Il reste du chemin à faire

«Danser à Tunis», rencontres des chorégraphes à Mad’Art

Nawel Skandarani
Nawel Skandarani

Sur la scène de Mad’art, Nawel Skandrani tape du poing sur la table. Son regard est foudroyant et sa voix en rage.  Depuis une vingtaine d’années, la chorégraphe, comme une guerrière infatigable, mène toujours le même combat. Elle ne cesse de remuer les haches pour rendre à la danse contemporaine tunisienne ses titres de noblesse.

«Il était une fois un ballet national tunisien » — pour reprendre le titre de son intervention ; il y avait des chorégraphes qui créent et des danseurs qui rêvent, il y avait de l’espoir et de la magie.

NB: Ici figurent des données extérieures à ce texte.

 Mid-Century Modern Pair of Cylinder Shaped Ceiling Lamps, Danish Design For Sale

Ce qui en reste aujourd’hui ? Ce sont les maux d’un corps frustré, exprimés mardi dernier à l’occasion de «Danser à Tunis».

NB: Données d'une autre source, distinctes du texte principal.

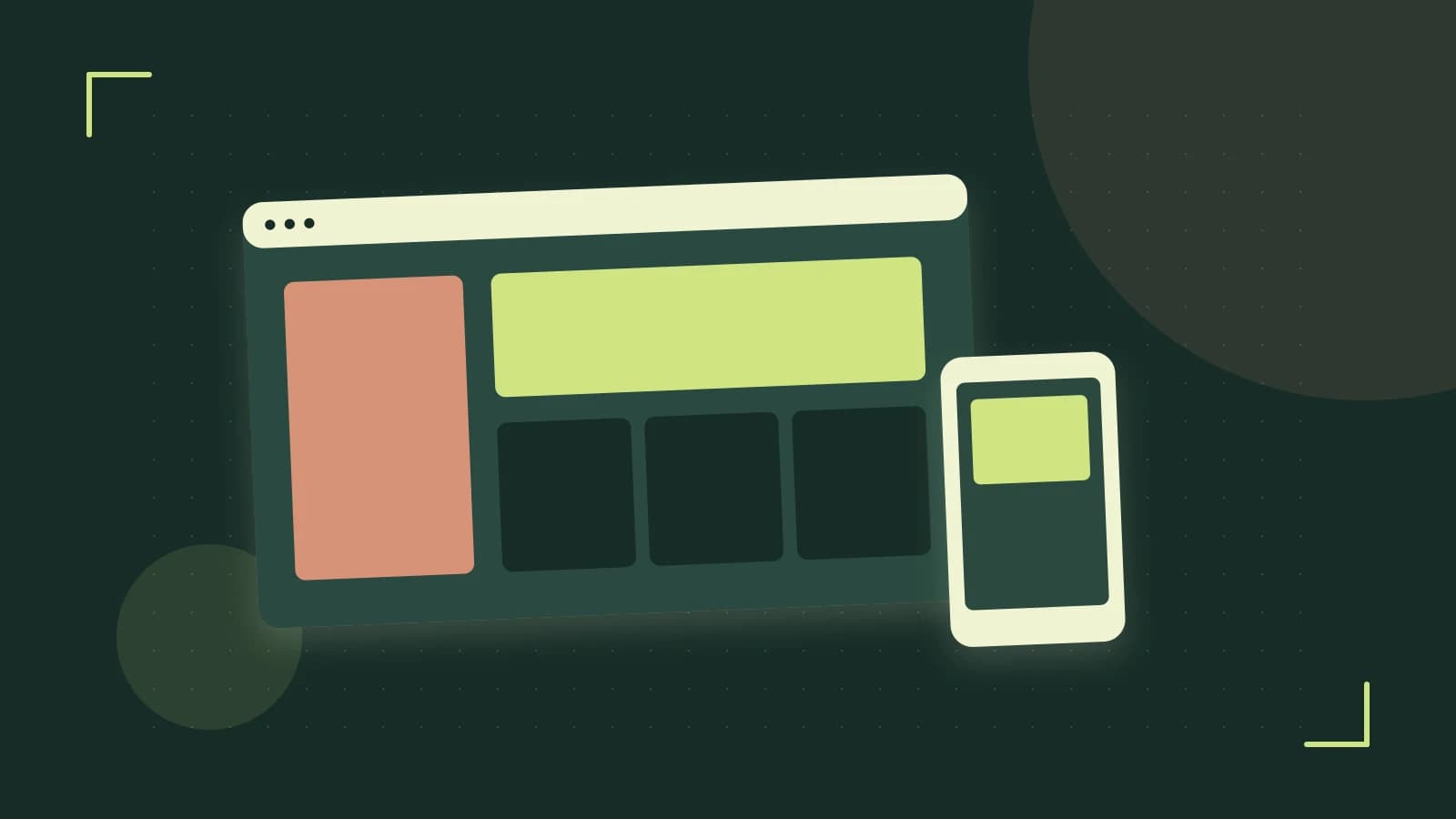 Editorial illustration of responsive browser layouts, overlapping design components and a color system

Leïla Sebaï, Nawel Skandrani, Imed Jemaâ, Dora Bouzid et autres personnes sont passée sur la scène. Ils ont, chacun à sa manière, ravivé le souvenir d’une belle époque. Ils ont parlé du passé, critiqué la situation actuelle et suggéré un avenir meilleur.

Toute cette rencontre fait répandre l’écho de la citation de Nietzsche que Raja Ben Ammar et Zeïneb Farhat, organisatrice de «Danser à Tunis», ont choisie pour «refléter l’état d’esprit» qui anime la manifestation. Elle stipule: «Je vous le dis, il faut avoir encore du chaos en soi pour enfanter une étoile dansante». Les intervenants semblent vouloir dépasser le «chaos» qui est en eux et enfanter à tout prix l’«étoile dansante». Encouragés par la volonté politique, Leïla Sebaï propose un projet de maison de la danse, Imed Jemaâ, un centre de chorégraphie national, Nawel Skandrani offre son savoir pour mener à bien toute initiative nouvelle au service de la danse. «Personne n’est innocent.

Des erreurs ont été commises d’un côté comme de l’autre», avance-t-elle. Pour elle, le passé est révolu. Plusieurs rêves sont, aujourd’hui, brisés, plusieurs ailes sont cassées, les noms de danseurs sont oubliés. Apparemment, rien à faire pour guérir les blessures. Le mal est fait et les larmes ne sécheront jamais. «Inutile de regarder en arrière. Il faut désormais s’orienter vers l’avenir et réfléchir d’abord à une stratégie de formation académique sérieuse pour former les chorégraphes de demain. Sans  relais, la danse contemporaine tunisienne ne survivra pas», ajoute-t-elle.

La formation, une priorité

D’après les professionnels de la danse, le public n’a jamais déserté les ballets. La preuve : son engouement au festival d’été et au printemps de la danse de Sihem Belkhouja. Les jeunes, avides d’apprendre le langage du corps, remplissent aussi les écoles privées. Le danger, c’est que ces derniers sont parfois mal orientés et mal encadrés et que leur avenir de danseur n’est jamais assuré. Tout le monde est convaincu que c’est le rôle des professionnels d’imposer le métier de chorégraphe et celui de danseur. «Mais on ne peut y arriver tout seul. Le soutien de l’administration est indispensable», insiste Raja Ben Ammar.

Les chorégraphes et les danseurs espèrent trouver une place à la cité de la culture. Là où ils pourront créer en toute liberté, former de jeunes danseurs et présenter leurs spectacles. Les compagnies souhaitent avoir droit à  des subventions à la création et à la diffusion, à l’instar des autres troupes de théâtre et de musique…

Bref, les chorégraphes veulent exister en tant qu’artistes tunisiens à part entière. Mais apparemment, la reconnaissance de cet art n’est pas  encore gagnée. Fathi Zghounda, directeur de la musique et de la danse au sein du ministère de la Culture et de la Sauvegarde du patrimoine, a pris la parole comme pour répondre à  Nawel Skandrani‑: «J’ai toujours bataillé en faveur de la danse mais en vain. Plusieurs personnes refusent de considérer cet art comme une discipline artistique noble. Et parfois, je me sens obligé de me présenter en tant que directeur de la musique et j’évite d’inclure la danse». Visiblement, la guerre n’est pas finie de sitôt.